RFC 1984: Or why you should start worrying about encryption backdoors and mass data collection Esther Payne



In 1996 Brian E. Carpenter of IAB and Fred Baker of IETF wrote a co-statement on cryptographic technology and the internet. This RFC wasn't a request for a technical standard, it was a statement on their concerns about Governments trying to restrict or interfere with cryptography. They felt that there was a need to offer "All Internet Users an adequate degree of privacy"



Since that time successive governments around the world have sought to build back doors into encrypted apps and services to access more citizen and visitor data. As of July 2019, the AG of the United States William Barr stated: “Some argue that, to achieve at best a slight incremental improvement in security, it is worth imposing a massive cost on society in the form of degraded safety,” i.e For security Americans should accept weakened encryption. The head of the FBI also claimed that weakened encryption wouldn't break it.

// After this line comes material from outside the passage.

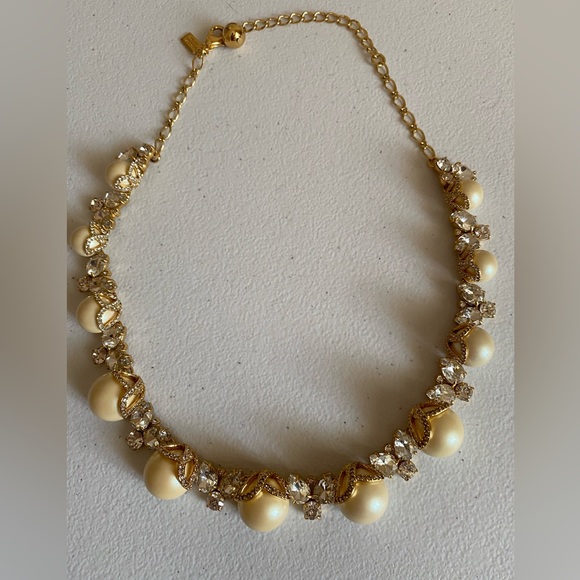 Kate Spade NY Collar Necklace Rhinestone Crystal Pearl Gold Tone Chain - Picture 1 of 5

In Australia the metadata retention laws have been abused against journalists with 58 searches carried out by the AFP. In 2015 ACT police carried out 115 metadata searches. UK officials have a cavalier attitude to the EU SIS database which tracks undocumented migrants, missing people, stolen cars, or suspected criminals.



IETF Session 105 mentioned privacy and concerns with the mass collection of data. While the IAB and IESG were worried about US export controls on cryptography there is an argument for RFC 1984 to be updated to include the unnecessary mass collection of data and to use it as a term for IT professionals, privacy advocates and the public to rally behind.

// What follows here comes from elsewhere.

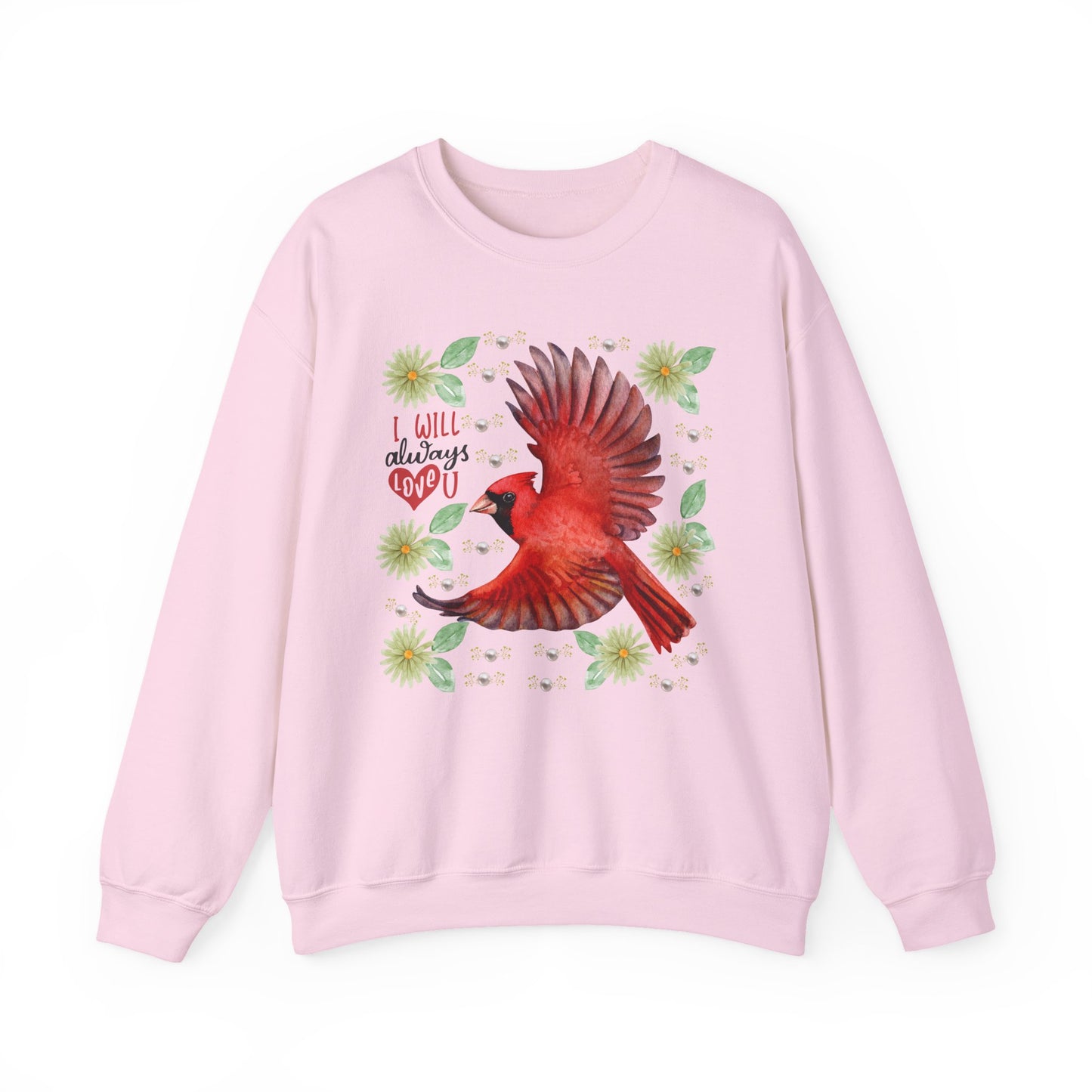 Colorful Cardinal Sweatshirt: Inspirational, Cozy Gift for Bird Lovers, Nature Enthusiasts, Eco-Friendly Apparel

In this talk let's recount a brief history of governments around the world wanting to weaken encryption as RFC 1984 warned us about.



We live in a time where citizens put data into commercial, healthcare and Government systems to access services, some services are only accessible online. From CCTV to Facebook people have little understanding of why mass collection of data is dangerous. There is little scrutiny of who can access that data, from Scotland to the US.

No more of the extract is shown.